CONTEXT:In preclinical models, inhibitors of 3-hydroxy-3-methylglutaryl-coenzyme A reductase have been shown to positively affect bone remodeling balance. Observational studies and secondary analyses from lipid-lowering trials have yielded inconsistent results regarding the effect of these agents on bone mineral density and fracture risk. OBJECTIVE:Our objective was to determine whether clinically significant skeletal benefits result from hydroxymethylglutaryl-coenzyme A reductase inhibition in postmenopausal women. DESIGN AND SETTING:We conducted a prospective, randomized, double-blind, placebo-controlled, dose-ranging comparative clinical trial at 62 sites in the United States. PARTICIPANTS:Participants included 626 postmenopausal women with low-density lipoprotein cholesterol levels of at least 130 mg/dl (3.4 mmol/liter) and less than 190 mg/dl (4.9 mmol/liter), and lumbar (L1-L4) spine bone mineral density T-score between 0.0 and -2.5. INTERVENTION:Once-daily placebo or 10, 20, 40, or 80 mg atorvastatin was administered. MAIN OUTCOME MEASURES:We assessed percent change from baseline in lumbar (L1-L4) spine bone mineral density with each dose of atorvastatin compared with placebo. RESULTS:At 52 wk, there was no significant difference between each atorvastatin and placebo group or change from baseline at any tested dose of atorvastatin or placebo in lumbar (L1-L4) spine bone mineral density. Nor did atorvastatin produce a significant change in bone mineral density at any other site. Changes in biochemical markers of bone turnover did not differ significantly between each atorvastatin and placebo group. All doses of atorvastatin were generally well tolerated, with similar incidences of adverse events across all dose groups and placebo. CONCLUSIONS:Clinically relevant doses of atorvastatin that lower lipid levels had no effect on bone mineral density or biochemical indices of bone metabolism in this study, suggesting that such oral agents are not useful in the prevention or treatment of osteoporosis.

译文

背景:在临床前模型中,已证明3-羟基-3-甲基戊二酰辅酶A还原酶的抑制剂可积极影响骨骼重塑平衡。降脂试验的观察性研究和二级分析得出了关于这些药物对骨矿物质密度和骨折风险的影响的不一致结果。
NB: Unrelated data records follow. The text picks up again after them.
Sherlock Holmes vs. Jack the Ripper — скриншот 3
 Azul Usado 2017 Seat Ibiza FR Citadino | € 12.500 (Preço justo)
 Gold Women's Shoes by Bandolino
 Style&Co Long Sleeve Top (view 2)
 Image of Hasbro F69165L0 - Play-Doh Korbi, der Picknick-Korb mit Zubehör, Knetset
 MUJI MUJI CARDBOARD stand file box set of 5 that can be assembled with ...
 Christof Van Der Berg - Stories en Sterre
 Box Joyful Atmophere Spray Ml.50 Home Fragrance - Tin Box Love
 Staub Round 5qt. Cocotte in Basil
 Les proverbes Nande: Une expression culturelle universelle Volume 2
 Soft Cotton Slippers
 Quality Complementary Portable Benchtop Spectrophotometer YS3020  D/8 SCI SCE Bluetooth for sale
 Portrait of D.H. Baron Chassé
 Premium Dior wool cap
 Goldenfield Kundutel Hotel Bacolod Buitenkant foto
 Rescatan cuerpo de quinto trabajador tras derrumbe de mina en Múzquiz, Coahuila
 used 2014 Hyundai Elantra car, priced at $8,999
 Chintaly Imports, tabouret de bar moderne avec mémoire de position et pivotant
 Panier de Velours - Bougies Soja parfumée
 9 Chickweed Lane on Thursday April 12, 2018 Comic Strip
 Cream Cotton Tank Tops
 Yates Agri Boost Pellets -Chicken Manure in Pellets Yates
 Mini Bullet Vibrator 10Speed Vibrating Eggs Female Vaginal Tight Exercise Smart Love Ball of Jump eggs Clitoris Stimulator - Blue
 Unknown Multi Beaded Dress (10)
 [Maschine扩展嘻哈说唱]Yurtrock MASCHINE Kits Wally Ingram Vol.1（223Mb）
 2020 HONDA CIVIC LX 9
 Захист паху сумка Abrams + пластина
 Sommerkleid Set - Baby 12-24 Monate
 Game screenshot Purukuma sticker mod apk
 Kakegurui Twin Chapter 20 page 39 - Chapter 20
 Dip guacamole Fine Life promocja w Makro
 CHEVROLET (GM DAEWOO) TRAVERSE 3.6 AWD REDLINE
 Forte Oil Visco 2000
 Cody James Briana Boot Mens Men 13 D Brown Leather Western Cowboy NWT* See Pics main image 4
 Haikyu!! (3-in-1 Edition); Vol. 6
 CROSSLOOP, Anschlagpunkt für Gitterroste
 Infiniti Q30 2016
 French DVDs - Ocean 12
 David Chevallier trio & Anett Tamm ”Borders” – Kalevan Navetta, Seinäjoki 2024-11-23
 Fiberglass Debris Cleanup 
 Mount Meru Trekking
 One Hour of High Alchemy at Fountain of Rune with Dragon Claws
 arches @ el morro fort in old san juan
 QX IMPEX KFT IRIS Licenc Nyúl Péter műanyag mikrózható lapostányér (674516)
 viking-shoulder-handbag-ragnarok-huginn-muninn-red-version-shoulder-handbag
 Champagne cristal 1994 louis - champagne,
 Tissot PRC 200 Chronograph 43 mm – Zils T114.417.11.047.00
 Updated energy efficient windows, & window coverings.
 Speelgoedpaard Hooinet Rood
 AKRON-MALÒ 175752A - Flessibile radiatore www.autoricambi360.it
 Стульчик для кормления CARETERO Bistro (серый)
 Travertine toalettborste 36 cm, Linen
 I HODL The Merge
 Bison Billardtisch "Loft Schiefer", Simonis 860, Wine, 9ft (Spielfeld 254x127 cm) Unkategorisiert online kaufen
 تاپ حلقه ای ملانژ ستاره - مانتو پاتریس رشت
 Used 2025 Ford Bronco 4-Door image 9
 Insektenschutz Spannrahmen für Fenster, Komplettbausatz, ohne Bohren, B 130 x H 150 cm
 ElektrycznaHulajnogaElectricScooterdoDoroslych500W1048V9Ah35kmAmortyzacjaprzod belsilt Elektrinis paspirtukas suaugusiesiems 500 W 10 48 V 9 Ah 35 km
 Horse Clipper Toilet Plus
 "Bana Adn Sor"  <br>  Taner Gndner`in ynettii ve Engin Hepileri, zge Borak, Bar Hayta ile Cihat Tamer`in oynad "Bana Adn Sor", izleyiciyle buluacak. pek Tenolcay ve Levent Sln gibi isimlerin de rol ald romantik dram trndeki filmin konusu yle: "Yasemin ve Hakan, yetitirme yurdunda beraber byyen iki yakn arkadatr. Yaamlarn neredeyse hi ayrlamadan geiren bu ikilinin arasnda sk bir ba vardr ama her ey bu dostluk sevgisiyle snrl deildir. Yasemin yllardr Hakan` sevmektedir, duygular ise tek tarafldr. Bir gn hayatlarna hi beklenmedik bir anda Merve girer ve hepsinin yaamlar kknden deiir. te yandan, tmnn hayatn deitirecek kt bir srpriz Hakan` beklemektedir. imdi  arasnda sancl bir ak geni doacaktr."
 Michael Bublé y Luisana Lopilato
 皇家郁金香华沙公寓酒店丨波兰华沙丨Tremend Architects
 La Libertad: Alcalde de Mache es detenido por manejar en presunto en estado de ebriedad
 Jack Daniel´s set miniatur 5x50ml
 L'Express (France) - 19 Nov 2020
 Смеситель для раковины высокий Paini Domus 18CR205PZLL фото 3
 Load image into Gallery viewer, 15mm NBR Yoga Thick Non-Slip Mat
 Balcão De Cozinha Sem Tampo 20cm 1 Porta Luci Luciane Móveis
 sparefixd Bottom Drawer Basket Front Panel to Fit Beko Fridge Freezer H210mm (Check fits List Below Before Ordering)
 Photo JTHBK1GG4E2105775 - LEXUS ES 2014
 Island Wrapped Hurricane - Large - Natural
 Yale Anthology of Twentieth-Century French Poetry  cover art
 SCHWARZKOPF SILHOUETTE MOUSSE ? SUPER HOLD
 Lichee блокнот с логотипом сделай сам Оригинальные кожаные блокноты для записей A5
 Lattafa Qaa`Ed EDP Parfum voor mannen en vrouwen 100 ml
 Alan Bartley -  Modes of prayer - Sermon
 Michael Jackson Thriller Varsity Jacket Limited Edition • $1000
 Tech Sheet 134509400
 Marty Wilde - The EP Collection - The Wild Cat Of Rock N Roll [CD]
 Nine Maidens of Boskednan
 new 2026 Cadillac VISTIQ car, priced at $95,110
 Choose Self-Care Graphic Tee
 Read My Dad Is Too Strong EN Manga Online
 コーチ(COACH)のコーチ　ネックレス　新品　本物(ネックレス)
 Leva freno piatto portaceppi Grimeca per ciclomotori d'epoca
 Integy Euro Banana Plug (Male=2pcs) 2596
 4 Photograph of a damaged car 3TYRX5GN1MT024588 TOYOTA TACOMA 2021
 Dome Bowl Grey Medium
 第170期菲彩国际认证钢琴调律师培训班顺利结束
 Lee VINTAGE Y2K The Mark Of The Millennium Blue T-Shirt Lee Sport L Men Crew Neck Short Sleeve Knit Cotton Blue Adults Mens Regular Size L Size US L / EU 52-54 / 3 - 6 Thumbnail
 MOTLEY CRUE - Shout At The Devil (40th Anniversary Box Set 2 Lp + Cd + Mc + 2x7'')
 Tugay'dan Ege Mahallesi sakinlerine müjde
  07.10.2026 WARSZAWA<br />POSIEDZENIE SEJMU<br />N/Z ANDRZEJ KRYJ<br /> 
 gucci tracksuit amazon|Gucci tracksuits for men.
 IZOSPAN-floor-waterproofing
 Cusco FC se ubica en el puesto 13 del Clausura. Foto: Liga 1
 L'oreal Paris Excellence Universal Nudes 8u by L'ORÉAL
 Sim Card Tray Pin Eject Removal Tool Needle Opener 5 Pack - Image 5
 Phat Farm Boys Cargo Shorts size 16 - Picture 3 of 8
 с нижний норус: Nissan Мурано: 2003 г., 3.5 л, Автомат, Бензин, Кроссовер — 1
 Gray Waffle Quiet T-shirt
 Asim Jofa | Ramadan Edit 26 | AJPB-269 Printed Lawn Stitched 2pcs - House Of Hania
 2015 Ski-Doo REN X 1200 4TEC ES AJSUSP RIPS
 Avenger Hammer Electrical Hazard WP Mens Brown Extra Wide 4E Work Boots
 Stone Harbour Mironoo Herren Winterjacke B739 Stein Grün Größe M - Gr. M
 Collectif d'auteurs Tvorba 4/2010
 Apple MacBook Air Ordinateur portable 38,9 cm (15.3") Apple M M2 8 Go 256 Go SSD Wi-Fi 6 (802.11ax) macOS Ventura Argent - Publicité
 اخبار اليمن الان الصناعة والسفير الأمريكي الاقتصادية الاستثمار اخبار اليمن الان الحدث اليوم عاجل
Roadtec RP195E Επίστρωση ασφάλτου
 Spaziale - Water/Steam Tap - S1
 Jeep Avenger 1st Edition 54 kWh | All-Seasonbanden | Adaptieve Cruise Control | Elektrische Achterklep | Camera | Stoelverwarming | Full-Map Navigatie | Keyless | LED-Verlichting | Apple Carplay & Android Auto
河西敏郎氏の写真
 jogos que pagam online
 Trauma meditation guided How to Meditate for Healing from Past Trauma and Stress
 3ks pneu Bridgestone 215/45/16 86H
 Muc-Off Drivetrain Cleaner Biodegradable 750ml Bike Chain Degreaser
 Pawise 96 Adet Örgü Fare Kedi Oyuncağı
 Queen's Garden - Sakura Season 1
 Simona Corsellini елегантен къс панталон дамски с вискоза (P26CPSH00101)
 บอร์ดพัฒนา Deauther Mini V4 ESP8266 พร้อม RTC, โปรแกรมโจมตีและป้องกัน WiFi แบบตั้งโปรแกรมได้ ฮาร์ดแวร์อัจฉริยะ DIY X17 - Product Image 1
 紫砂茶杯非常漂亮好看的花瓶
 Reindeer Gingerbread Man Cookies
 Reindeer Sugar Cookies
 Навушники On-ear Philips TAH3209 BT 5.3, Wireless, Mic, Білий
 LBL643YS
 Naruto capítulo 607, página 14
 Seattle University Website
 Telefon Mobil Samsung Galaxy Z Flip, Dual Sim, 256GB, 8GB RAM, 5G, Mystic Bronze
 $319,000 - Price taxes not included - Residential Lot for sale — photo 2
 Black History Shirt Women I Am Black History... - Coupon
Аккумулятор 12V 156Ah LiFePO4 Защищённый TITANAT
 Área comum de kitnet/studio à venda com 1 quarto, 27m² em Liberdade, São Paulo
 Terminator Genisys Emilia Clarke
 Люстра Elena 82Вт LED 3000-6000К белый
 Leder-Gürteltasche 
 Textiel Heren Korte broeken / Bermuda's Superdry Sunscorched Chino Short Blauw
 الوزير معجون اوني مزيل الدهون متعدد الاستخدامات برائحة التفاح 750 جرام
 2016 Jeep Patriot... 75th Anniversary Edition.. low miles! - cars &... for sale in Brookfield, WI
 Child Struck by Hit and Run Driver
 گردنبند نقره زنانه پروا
目的:我们的目的是确定对绝经后妇女的羟甲基戊二酰辅酶A还原酶抑制作用是否产生临床上显着的骨骼益处。
设计与地点:我们在美国的62个地点进行了一项前瞻性,随机,双盲,安慰剂对照,剂量范围比较的临床试验。
参与者:626名绝经后妇女的低密度脂蛋白胆固醇水平至少为130 mg / dl(3.4 mmol /升)且低于190 mg / dl(4.9 mmol /升),并且腰部(L1-L4)脊柱骨矿物密度T分数在0.0到-2.5之间。
干预:每天一次安慰剂或10、20、40或80毫克阿托伐他汀。
主要观察指标:我们评估了每种剂量的阿托伐他汀与安慰剂相比腰椎(L1-L4)脊柱骨矿物质密度相对于基线的变化百分比。
结果:在第52周时,每个阿托伐他汀和安慰剂组之间的腰椎(L1-L4)脊柱骨矿物质密度均无显着差异,或在任何测试剂量的阿托伐他汀或安慰剂下与基线相比无显着差异。阿托伐他汀在任何其他部位均未产生明显的骨矿物质密度变化。每个阿托伐他汀组与安慰剂组之间骨转换的生化标志物变化均无显着差异。通常所有剂量的阿托伐他汀都具有良好的耐受性,所有剂量组和安慰剂的不良事件发生率均相似。
结论:本研究中临床相关剂量的阿托伐他汀对降低血脂水平没有影响,但对骨矿物质密度或骨代谢的生化指标没有影响,这表明此类口服药物对预防或治疗骨质疏松症无用。